### Task details:
Your answer should be an exact copy of the lines from the one containing "Anlage einer neuen Pflanzfläche" through the last line of the records below, without any pictures.

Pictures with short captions
▼

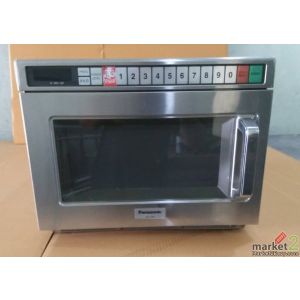 MICROWAVE Panasonic รุ่น NE-1356 7-11 มือสองพร้อมใช้ 
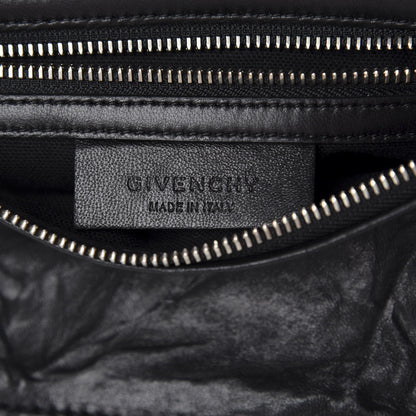 Givenchy Tumbled Sheepskin Mini Pandora Black 7 of 9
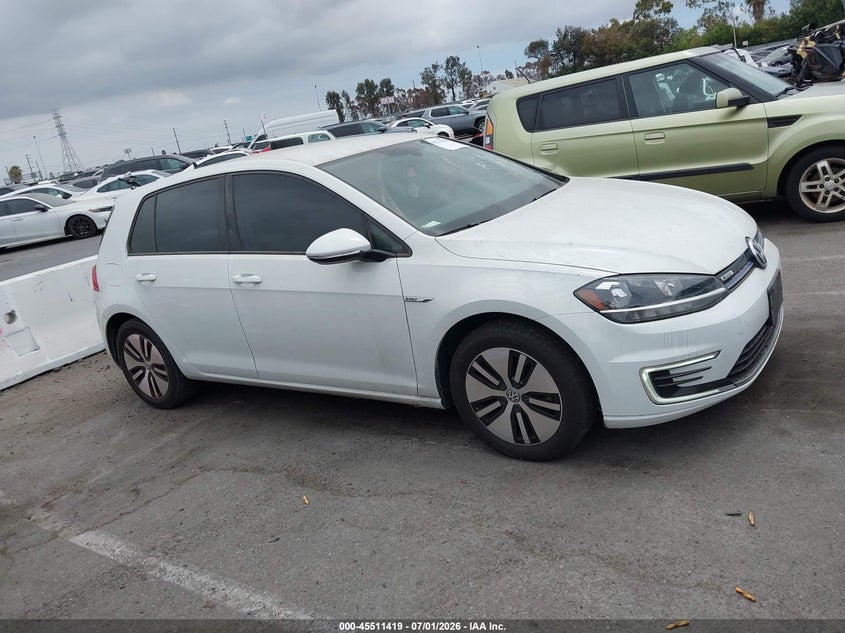 2019 Volkswagen E-Golf Se VIN: WVWKR7AU3KW902408 Lot: 45511419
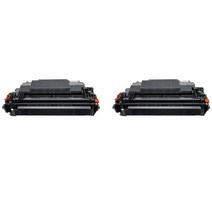 SMU SMU사 재생토너 교체용 HP Laserjet Enterprise M501n 표준용량 검정 9000매X 2개 토너모델명 CF287A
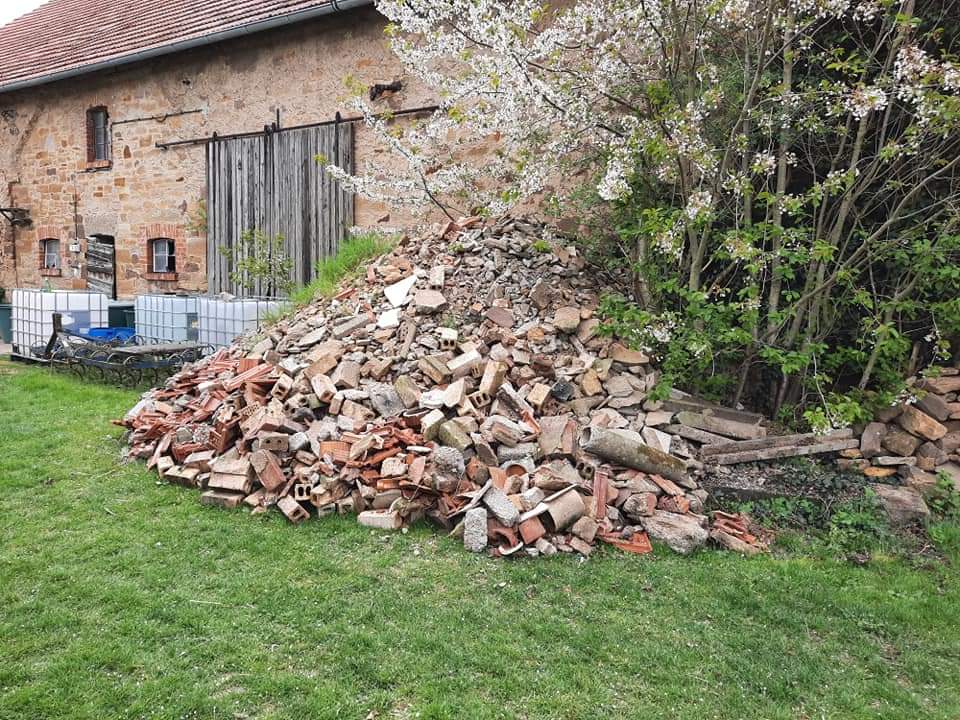 Anlage einer neuen Pflanzfläche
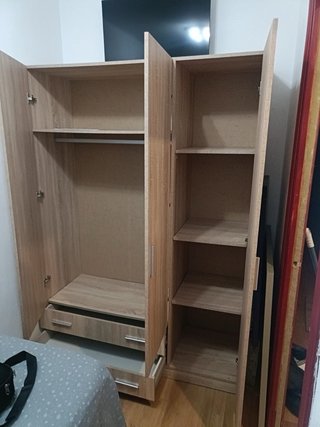 Armario Ikea Madera Marrón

▲

### Problem solution:
 Anlage einer neuen Pflanzfläche
 Armario Ikea Madera Marrón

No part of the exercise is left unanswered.